McDermott has been telling his players that before and during the competition, they need to be pushing fluids so they don’t risk injury and can play through it at their optimal level.

“And you need to know when your fatigue level has been hit and when to back off because if you push yourself too hard [in that altitude], you can suffer acute mountain sickness, pulmonary edema and cerebral edema,” he said. “But our trainer Rob Hunt is really on top of that kind of stuff.”

And while some people say it's psychosomatic, the linemen won’t be taking any chances.

“Tyler has been telling us to be hydrated out there,” Watt said. “It’s definitely going to affect us but we will try to not let us affect us too much.”

Another thing that the linemen will be bringing with them to Air Force is their upmost respect for the future Air Force officers.

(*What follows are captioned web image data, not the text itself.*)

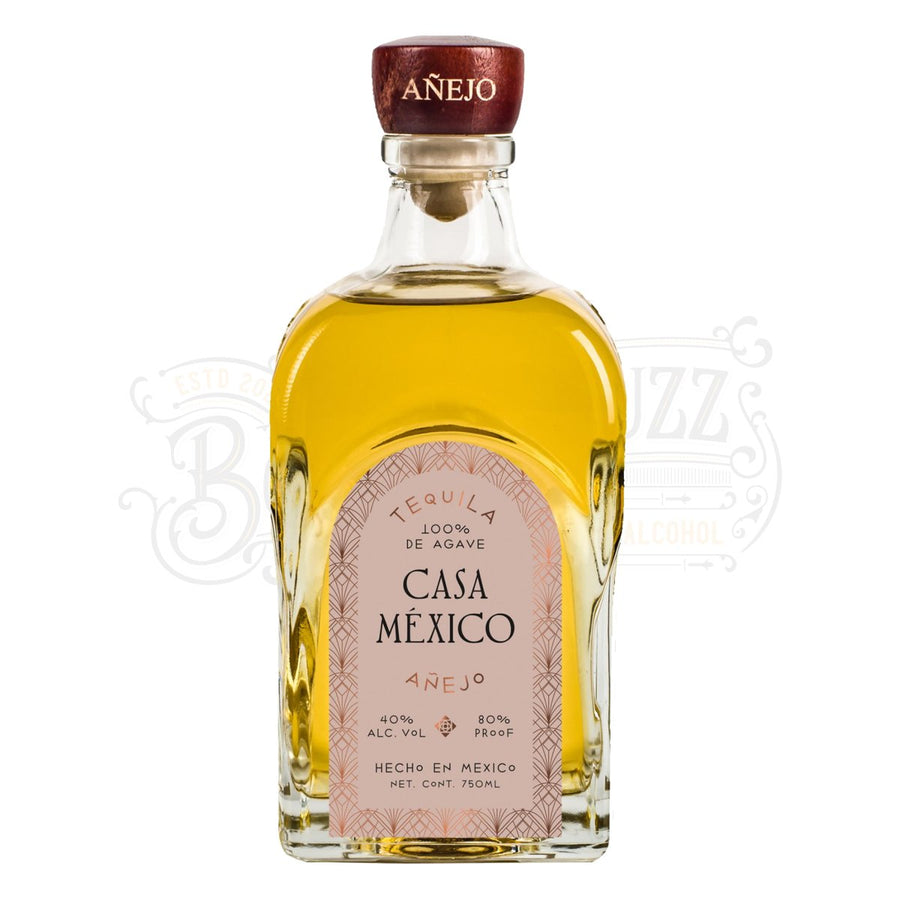 Casa Mexico Tequila Añejo Tequila - BottleBuzz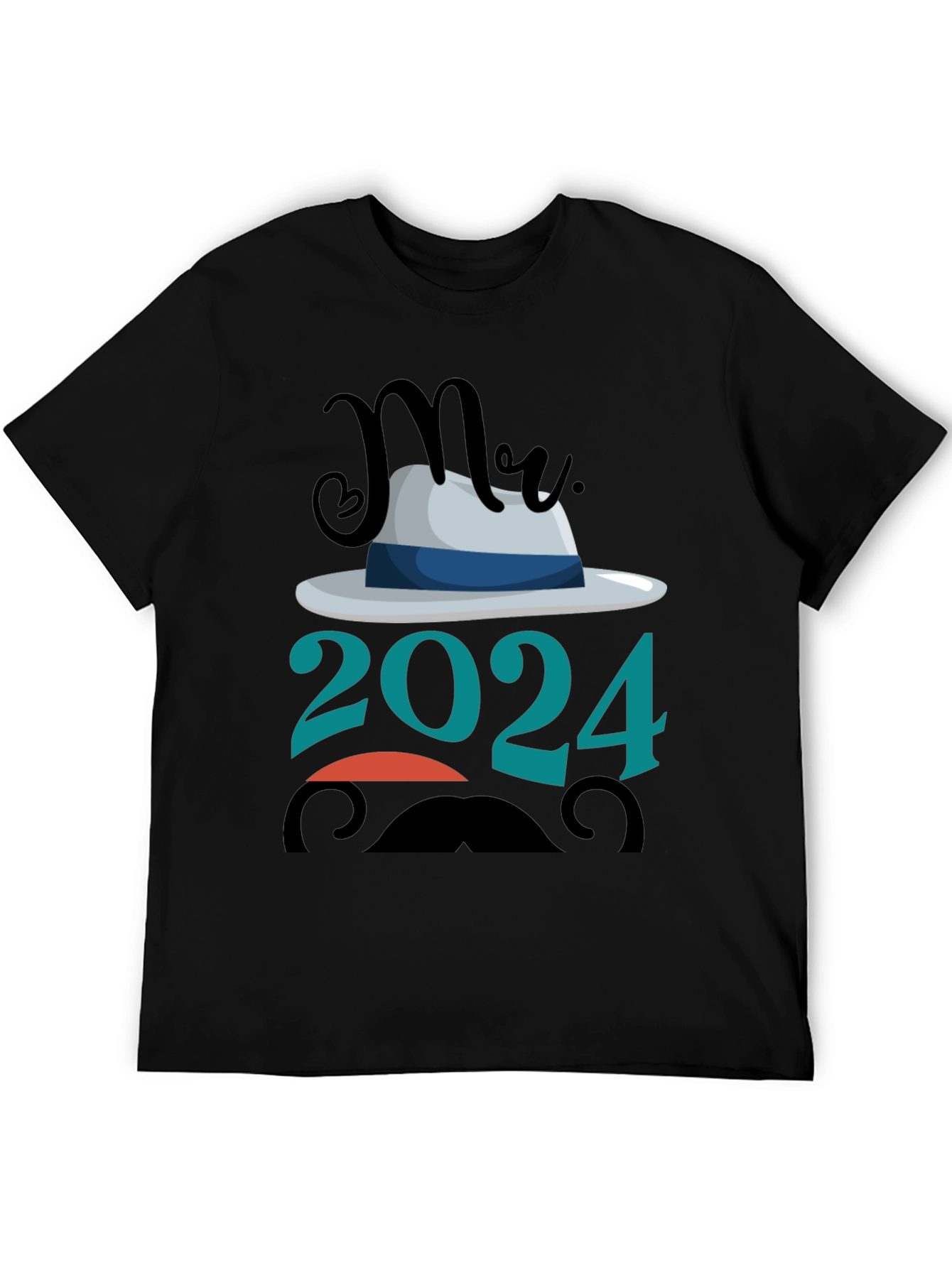 Mr. 2024 T-Shirt - New Year Celebration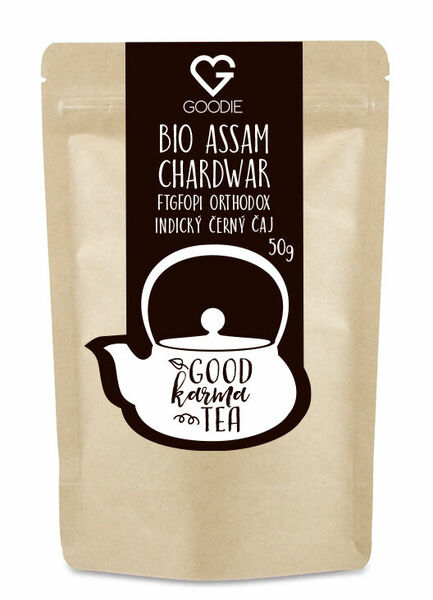 GOODIE BIO Černý čaj - Assam Chardwar BIO 50g porovnat ceny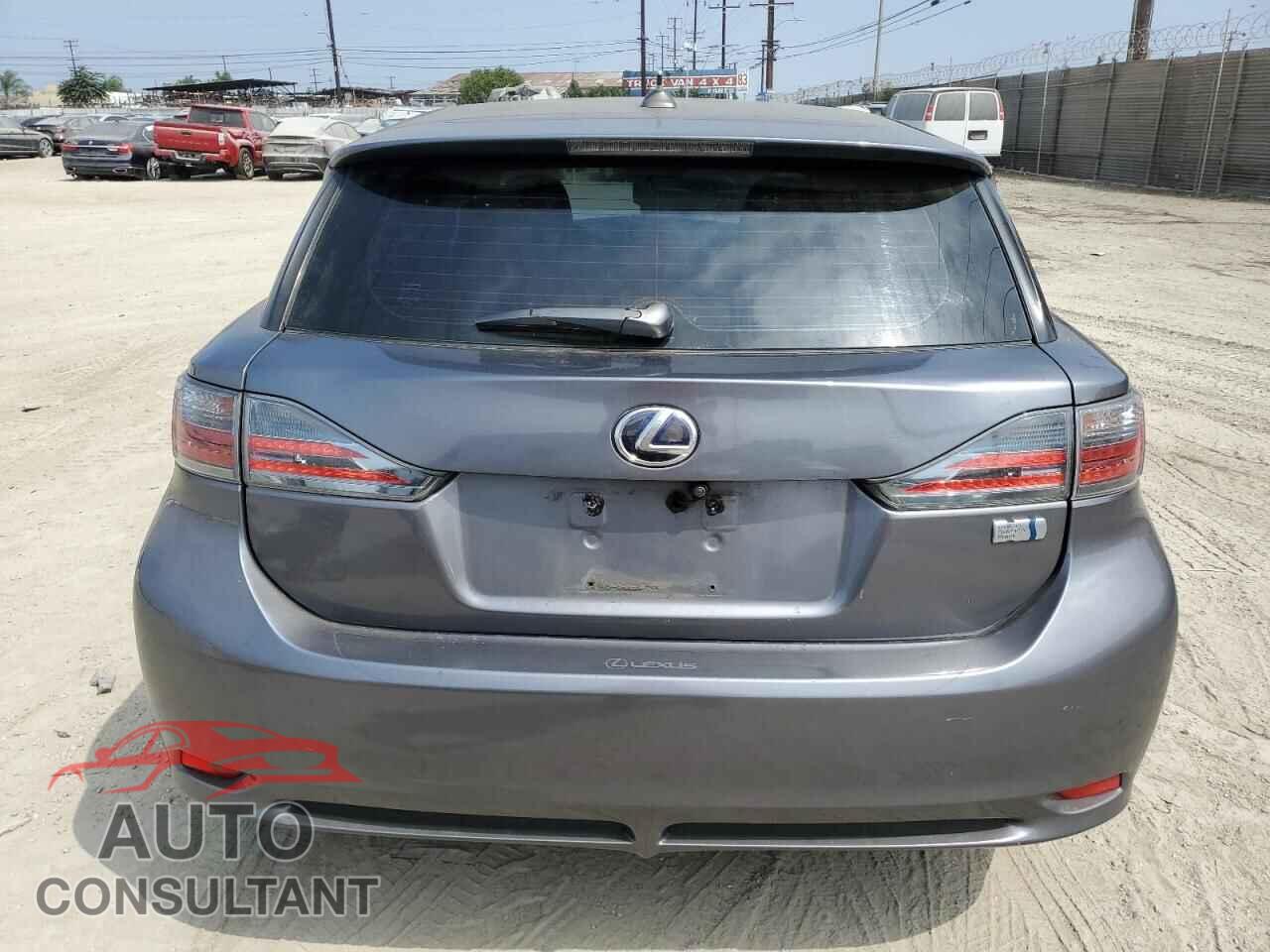 LEXUS CT 200 2012 - JTHKD5BH1C2102573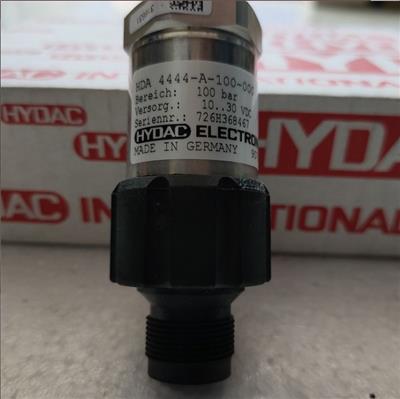 贺德克压力传感器HDA4444-A-100-000现货HYDAC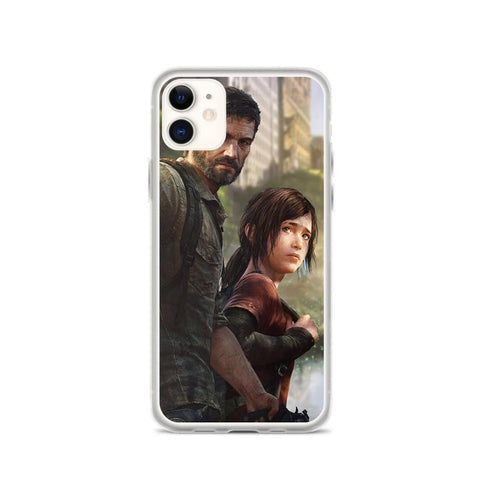 Joel and Ellie TLOU iPhone Case [The Last of Us Part 2]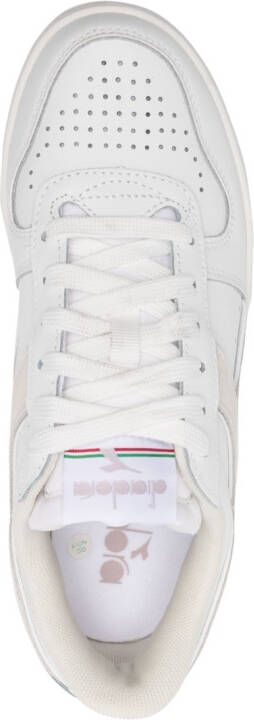 Diadora Magic Basket Icona leren sneakers Wit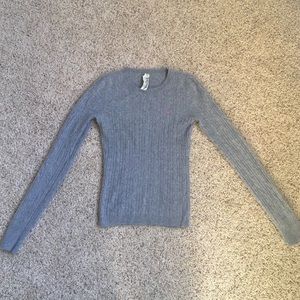 Abercrombie and Fitch cashmere sweater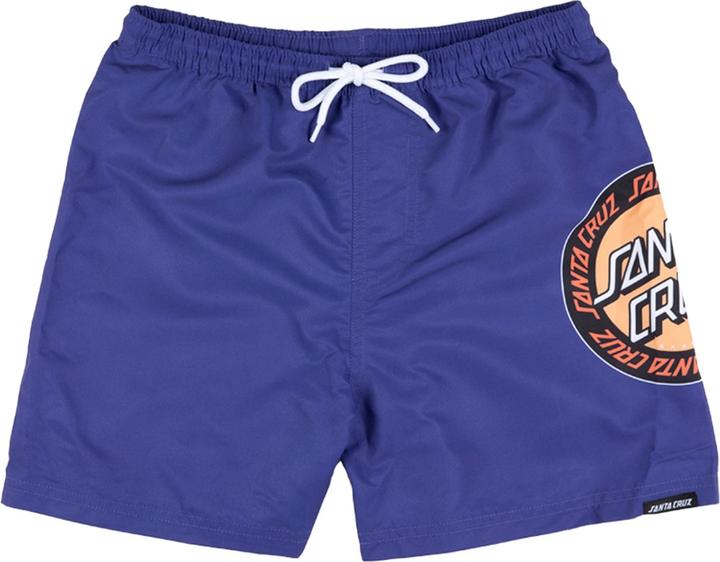 Santa Cruz Youth Outer Ringed Dot Swimshort (12, 13, 14)
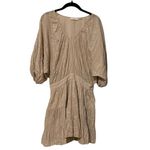 Ramy Brook  Tan Beige Zander Mini Dress Size Medium Photo 2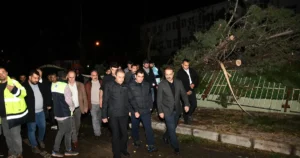 Şanlıurfa Valiliği, olumsuz hava koşullarının yol açtığı hasarların giderilmesi amacıyla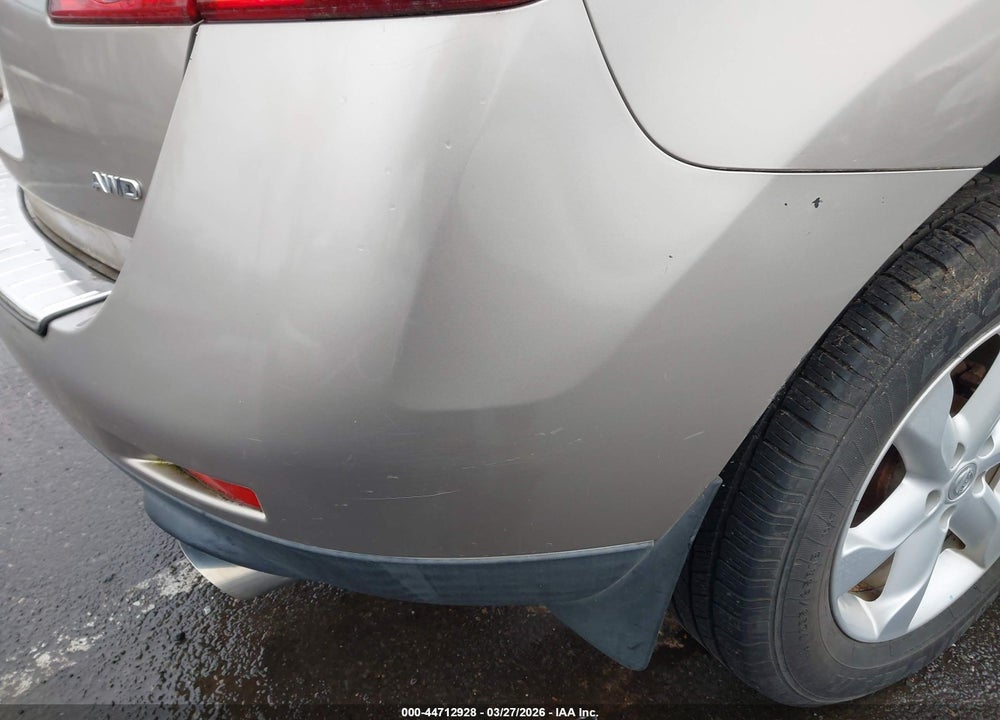2010 NISSAN MURANO S VIN: JN8AZ1MW3AW104516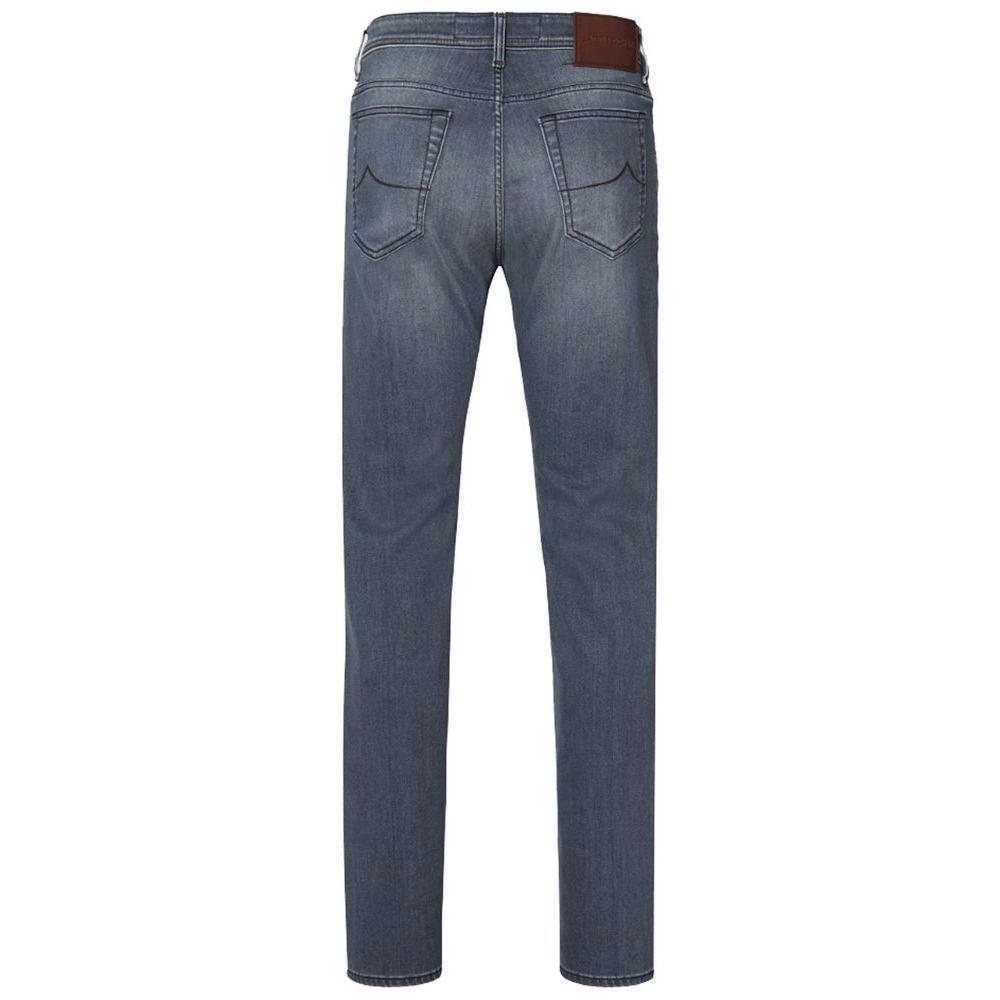Jacob Cohen Blue Cotton Men Jeans JA-13783-W31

“That’s the great thing about it. I’ve been able to play against all three military academies and it’s always a pretty humbling experience because you are competing with guys that are protecting this country and its future,” Watt said. “It’s humbling.”

“It’s a great experience playing future soldiers and leaders of our country,” Martin added. “We know they sacrifice a lot so it’s great opportunity for us to go out there and play them.”

Besides focusing on how to hold the Air Force line and altitude effects, the Fighting Irish O-Line has been concentrating hard better communication, the ability of seeing the defense on every play and being together as a line as they have struggled in the past games with line infractions and run blocking.

“We’re continuing to improve that communication throughout the week in our preparation and showing it on the field is the biggest thing we’ve improved on,” Watt said. “It’s not always about our opponent. It’s about us and how we are getting better and preparing for our opponent.”